How to build unity effectively in your family business…
PUBLISHED: 17:12 19 April 2016 | UPDATED: 17:12 19 April 2016
Norma Stewart, head of Family Enterprise at Wellers, explains why good governance structures encourage your family to communicate and work together more effectively.
The structure of your family business is unique: a family, the business and ownership system, all linked together by wealth, legal arrangements, employment and emotional bonds….
Whatever the size of your business, your family members each come to it with their own attitudes, opinions and objectives. As the business matures, and your family tree grows, the inter-relationships will become more complex and challenging for you. Most family enterprises operate around the concept of a “fair process”, they aspire to create a balance of interests between the needs of the business and the well-being of the family.

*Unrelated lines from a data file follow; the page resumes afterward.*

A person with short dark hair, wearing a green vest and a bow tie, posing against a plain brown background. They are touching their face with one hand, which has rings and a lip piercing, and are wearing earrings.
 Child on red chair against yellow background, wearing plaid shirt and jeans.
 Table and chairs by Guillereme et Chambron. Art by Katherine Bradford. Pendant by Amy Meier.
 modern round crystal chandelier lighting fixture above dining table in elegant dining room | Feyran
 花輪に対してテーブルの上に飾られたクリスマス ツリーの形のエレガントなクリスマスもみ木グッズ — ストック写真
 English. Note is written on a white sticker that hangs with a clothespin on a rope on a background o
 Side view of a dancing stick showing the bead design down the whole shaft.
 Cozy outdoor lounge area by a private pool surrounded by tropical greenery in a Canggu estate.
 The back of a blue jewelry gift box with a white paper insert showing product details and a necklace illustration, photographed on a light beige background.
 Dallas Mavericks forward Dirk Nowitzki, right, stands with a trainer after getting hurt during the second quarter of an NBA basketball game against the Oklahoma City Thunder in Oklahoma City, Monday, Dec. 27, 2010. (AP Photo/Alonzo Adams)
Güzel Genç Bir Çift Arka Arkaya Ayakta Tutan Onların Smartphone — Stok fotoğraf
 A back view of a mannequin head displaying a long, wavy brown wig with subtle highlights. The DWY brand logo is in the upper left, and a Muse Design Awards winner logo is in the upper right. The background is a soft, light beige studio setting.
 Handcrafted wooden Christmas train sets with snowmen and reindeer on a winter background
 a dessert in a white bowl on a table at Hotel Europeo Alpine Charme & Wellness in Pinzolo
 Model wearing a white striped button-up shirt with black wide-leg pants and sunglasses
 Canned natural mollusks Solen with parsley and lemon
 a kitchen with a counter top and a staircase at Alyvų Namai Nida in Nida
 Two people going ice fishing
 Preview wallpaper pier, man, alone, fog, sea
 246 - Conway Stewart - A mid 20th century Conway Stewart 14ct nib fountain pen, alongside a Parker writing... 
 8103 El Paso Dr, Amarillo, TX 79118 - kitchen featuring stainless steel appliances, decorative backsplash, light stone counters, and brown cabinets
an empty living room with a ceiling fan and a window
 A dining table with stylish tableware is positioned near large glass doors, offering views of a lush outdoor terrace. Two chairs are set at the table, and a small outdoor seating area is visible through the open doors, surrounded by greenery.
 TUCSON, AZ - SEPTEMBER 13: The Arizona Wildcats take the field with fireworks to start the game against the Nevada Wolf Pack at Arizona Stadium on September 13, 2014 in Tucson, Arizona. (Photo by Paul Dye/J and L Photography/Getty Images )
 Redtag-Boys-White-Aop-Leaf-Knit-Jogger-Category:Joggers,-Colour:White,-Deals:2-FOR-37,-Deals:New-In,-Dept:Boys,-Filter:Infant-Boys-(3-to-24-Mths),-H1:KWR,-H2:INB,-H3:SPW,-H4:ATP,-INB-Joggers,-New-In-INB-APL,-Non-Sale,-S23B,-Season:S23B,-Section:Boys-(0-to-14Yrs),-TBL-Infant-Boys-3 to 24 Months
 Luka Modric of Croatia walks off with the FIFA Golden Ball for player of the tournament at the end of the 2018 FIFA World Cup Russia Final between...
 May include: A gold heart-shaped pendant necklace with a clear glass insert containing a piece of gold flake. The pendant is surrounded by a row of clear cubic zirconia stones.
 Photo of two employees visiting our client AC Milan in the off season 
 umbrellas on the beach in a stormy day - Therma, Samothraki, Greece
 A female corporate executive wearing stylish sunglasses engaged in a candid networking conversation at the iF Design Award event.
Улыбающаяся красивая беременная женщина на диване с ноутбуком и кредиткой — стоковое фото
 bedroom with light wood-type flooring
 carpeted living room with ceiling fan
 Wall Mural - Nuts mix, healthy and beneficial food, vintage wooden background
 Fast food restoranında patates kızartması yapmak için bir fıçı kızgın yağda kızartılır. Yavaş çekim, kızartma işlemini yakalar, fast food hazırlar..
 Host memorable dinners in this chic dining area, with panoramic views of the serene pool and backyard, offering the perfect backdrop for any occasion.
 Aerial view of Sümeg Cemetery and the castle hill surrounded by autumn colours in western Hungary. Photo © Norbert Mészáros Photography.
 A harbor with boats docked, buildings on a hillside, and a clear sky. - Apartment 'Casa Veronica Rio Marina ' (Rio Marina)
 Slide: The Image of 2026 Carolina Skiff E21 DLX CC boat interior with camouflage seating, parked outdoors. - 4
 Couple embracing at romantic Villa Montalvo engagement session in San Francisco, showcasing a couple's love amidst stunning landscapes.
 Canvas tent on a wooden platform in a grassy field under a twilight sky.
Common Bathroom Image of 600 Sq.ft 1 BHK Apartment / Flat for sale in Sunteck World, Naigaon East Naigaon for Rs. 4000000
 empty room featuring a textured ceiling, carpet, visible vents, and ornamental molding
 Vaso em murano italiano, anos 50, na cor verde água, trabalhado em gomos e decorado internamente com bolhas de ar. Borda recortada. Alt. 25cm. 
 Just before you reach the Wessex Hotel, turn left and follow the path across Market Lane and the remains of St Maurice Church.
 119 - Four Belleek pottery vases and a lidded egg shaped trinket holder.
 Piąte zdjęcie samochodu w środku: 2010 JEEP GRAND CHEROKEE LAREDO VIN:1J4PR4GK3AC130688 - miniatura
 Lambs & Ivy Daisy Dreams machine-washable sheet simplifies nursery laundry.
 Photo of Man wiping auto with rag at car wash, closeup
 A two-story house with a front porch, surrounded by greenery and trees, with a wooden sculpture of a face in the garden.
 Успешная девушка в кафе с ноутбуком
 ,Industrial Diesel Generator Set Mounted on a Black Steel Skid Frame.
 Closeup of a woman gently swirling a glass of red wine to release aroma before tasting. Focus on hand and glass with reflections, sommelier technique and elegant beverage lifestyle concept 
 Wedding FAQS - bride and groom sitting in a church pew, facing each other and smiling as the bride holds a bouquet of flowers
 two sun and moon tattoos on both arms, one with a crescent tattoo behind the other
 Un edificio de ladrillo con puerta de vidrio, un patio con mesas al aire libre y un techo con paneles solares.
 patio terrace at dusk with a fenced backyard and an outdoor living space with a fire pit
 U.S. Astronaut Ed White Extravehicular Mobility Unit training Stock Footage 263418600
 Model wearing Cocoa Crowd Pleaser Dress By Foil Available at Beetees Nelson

In essence, governance is the “balance of power” between owners, the wider family and those who manage activities in the family enterprise.
Norma Stewart, head of Family Enterprise at Wellers, explains why good governance structures encourage your family to communicate and work together more effectively. That makes them pivotal to future growth because successful families manage not just corporate governance of their business operations but also family governance. Governance structures work whereby rules and guidelines are established about the family’s roles and responsibilities in their interaction with the business.
Where is your family business at?
Understanding where your family enterprise is today in its development journey is a great starting-point. That way you’ll understand when more formal frameworks and policies will be needed to develop a unified approach to the business within the family. Whilst there is no ideal time to start, it’s much easier to organise governance when the business is young and your family group is relatively small. In the early days of an owner-managed business, a kind of ‘natural’ governance can grow up based on “the way things are done around here”. The danger is that this is based on unspoken understandings, expectations and assumptions. As time passes and the business evolves, ownership is likely to fragment and assets in the family enterprise will grow and diversify.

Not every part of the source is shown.